Singularity of a matrix times its transpose

Question

If $A$ is a $k \times n$ matrix of rank $k$, where A can be broken down into $UDV^T$ as per singular value decomposition, why is $AA^T$ non-singular?

Answer 1

$D$ is a $k \times n$ diagonal matrix where each row is non-zero.

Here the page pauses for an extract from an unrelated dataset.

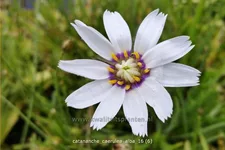 Catananche caerulea 'Alba'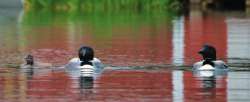 Loon Family Photo: Erika Senglaub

Its $(i,i)$-th entry, $d_i$ is positive.

$DD^T$ is a $k \times k$ matrix where each row is non-zero, its $(i,i)$-th entry, $d_i^2$ is positive. and hence it is nonsingular.

$$AA^T=UDV^TVD^TU^T=UDD^TU^T$$

Since $U$ is nonsingular, $DD^T$ and $U^T$ are nonsingular, $AA^T$ is nonsingular.

Answer 2

Since you are using transpose ($T$) rather than Hermitian conjugate, we're working over the reals.

Since $A$ has full row rank, it is surjective.

$\text{Ker}(A^T) = (\text{Ran}(A))^\perp = \{0\}$.

For any nonzero vector $x \in \mathbb R^k$, $x^T A A^T x = \|A^T x\|^2 > 0$, so $A A^T x \ne 0$. Thus $\text{ker}(A A^T) = \{0\}$, so $A A^T$ is nonsingular.